MATERIAL TO PROCESS: Begin
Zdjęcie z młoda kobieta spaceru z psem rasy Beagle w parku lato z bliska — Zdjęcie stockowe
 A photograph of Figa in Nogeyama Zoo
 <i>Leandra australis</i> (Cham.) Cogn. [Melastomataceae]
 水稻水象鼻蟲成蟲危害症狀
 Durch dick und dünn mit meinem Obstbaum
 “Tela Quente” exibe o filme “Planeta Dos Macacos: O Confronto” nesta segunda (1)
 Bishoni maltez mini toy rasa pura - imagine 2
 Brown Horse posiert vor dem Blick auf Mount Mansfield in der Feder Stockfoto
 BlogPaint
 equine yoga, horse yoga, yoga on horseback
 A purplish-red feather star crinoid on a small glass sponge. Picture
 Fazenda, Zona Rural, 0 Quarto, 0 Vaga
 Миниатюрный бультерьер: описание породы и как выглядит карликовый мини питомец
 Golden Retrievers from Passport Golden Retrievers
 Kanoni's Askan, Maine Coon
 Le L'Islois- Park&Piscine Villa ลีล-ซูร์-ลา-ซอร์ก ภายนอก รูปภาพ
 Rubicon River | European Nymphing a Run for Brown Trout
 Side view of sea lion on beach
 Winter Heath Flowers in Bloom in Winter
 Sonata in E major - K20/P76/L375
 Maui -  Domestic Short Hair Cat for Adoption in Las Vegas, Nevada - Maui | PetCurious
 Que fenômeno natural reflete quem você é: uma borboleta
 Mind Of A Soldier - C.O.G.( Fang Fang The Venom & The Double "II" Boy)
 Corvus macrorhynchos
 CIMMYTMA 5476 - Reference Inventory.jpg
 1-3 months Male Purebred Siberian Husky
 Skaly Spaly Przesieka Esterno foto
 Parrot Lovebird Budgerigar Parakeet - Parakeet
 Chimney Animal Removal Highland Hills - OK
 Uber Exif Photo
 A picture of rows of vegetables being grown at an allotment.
MATERIAL TO PROCESS: End
=== WHAT YOU WILL DO ===
Retype, without any change, every line from the one with "Kanoni's Askan, Maine Coon" to the bottom of the listing.

=== OUTPUT OF THE TASK ===
 Kanoni's Askan, Maine Coon
 Le L'Islois- Park&Piscine Villa ลีล-ซูร์-ลา-ซอร์ก ภายนอก รูปภาพ
 Rubicon River | European Nymphing a Run for Brown Trout
 Side view of sea lion on beach
 Winter Heath Flowers in Bloom in Winter
 Sonata in E major - K20/P76/L375
 Maui -  Domestic Short Hair Cat for Adoption in Las Vegas, Nevada - Maui | PetCurious
 Que fenômeno natural reflete quem você é: uma borboleta
 Mind Of A Soldier - C.O.G.( Fang Fang The Venom & The Double "II" Boy)
 Corvus macrorhynchos
 CIMMYTMA 5476 - Reference Inventory.jpg
 1-3 months Male Purebred Siberian Husky
 Skaly Spaly Przesieka Esterno foto
 Parrot Lovebird Budgerigar Parakeet - Parakeet
 Chimney Animal Removal Highland Hills - OK
 Uber Exif Photo
 A picture of rows of vegetables being grown at an allotment.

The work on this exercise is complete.